The erection of the statue was met with both praise and criticism. The Guardian reported that, during its short time on the plinth, the statue was mostly popular with passersby in Bristol. A group was reported gathering in objection to the statue, while others took photos, or took the knee. Booker Prize-winning author Bernardine Evaristo described it as "demonstrable commitment to the cause of Black Lives Matter in that it shows active allyship" and addressed the lack of public statues of black women in the UK.

In his Daily Telegraph review, art critic Alastair Sooke interpreted the erection of the sculpture as "a vainglorious stunt". The sculptor Thomas J. Price described the work as a "PR stunt and con", suggesting that it was about Quinn profiting himself. Price said: "a genuine example of allyship could have been to give the financial support and production facilities required for a young, local, Black artist to make the temporary replacement. This would have positioned Black voices into a genuinely powerful position to reclaim their history in an authentic way. Instead, a moment of social change that should have been about bringing equality and real opportunities to Black people has been hijacked."
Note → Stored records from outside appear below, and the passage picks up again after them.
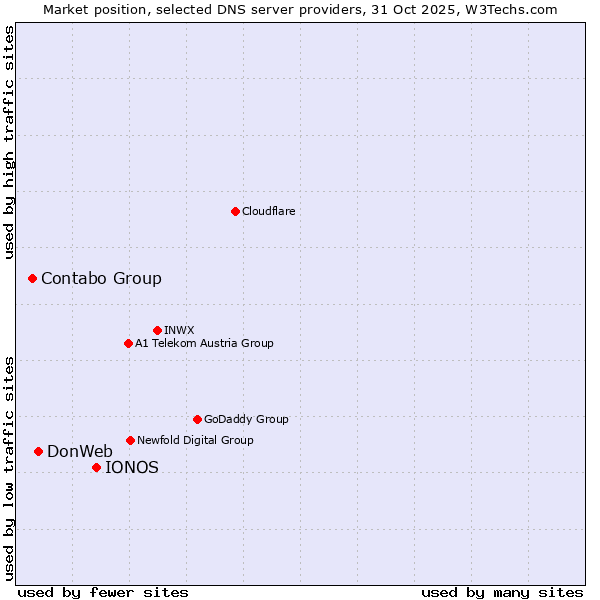 Market position of IONOS vs. DonWeb vs. Contabo Group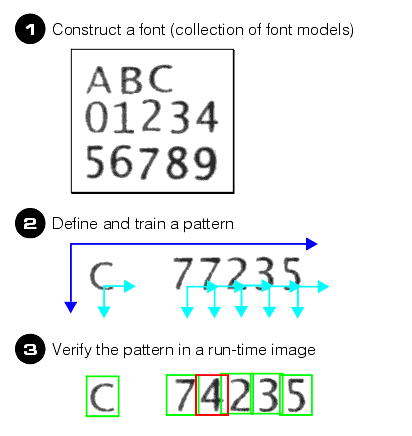 Identification OCV Theory OCVTool overview of ocv operation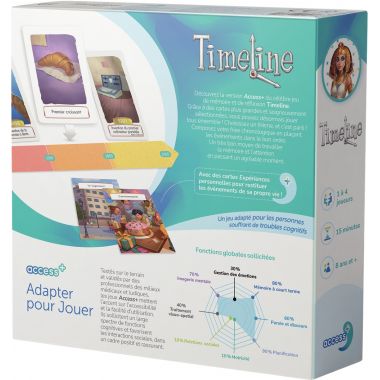 Timeline ACCESS plus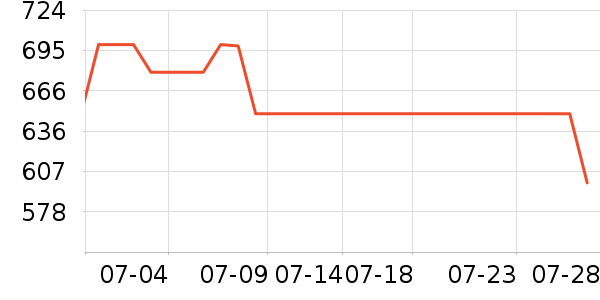 ���ܴ�ӡ����ʷ�۸�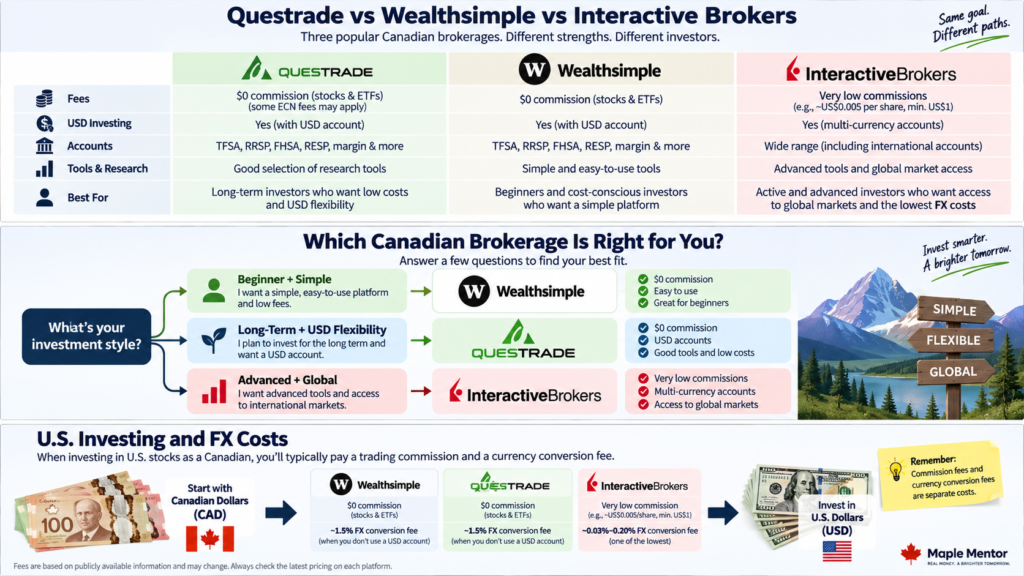 u.s. investing and fx costs Questrade vs Wealthsimple vs Interactive Brokers USD investing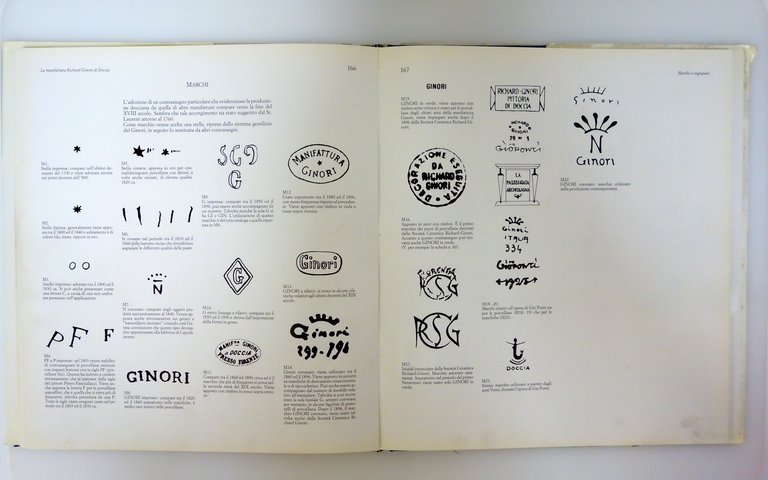 La Manifattura Richard Ginori di Doccia Mondadori De Luca 1988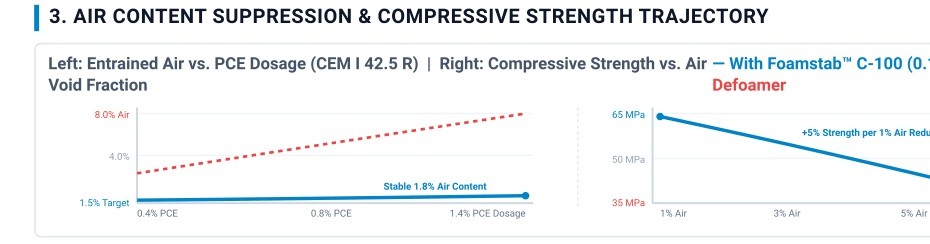 FOAMSTAB air suppression and strength graph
Charlotte Jansen, writing for Elephant Magazine, noted Quinn’s previous lack of interest in the themes of racism, colonialism and black history in Britain and that he had proved a lack of understanding of systemic racism by taking up space and centering himself in the narrative around the Colston Plinth.

In an article for Art Review, Kadish Morris suggested that Quinn and Reid’s use of the term ‘collaboration’ to describe the work could serve as a loophole for the artist to avoid the charge of exploitation. Morris writes: "It’s easy to be enchanted by visibility, but quick-fix reactionary gestures are flimsy grounds to fight antiblackness upon. Sculptures created by white men that bypass democratic processes (for which activists in Bristol have campaigned, for too long) are not the kinds of radical justice we need to see in the arts and culture sector."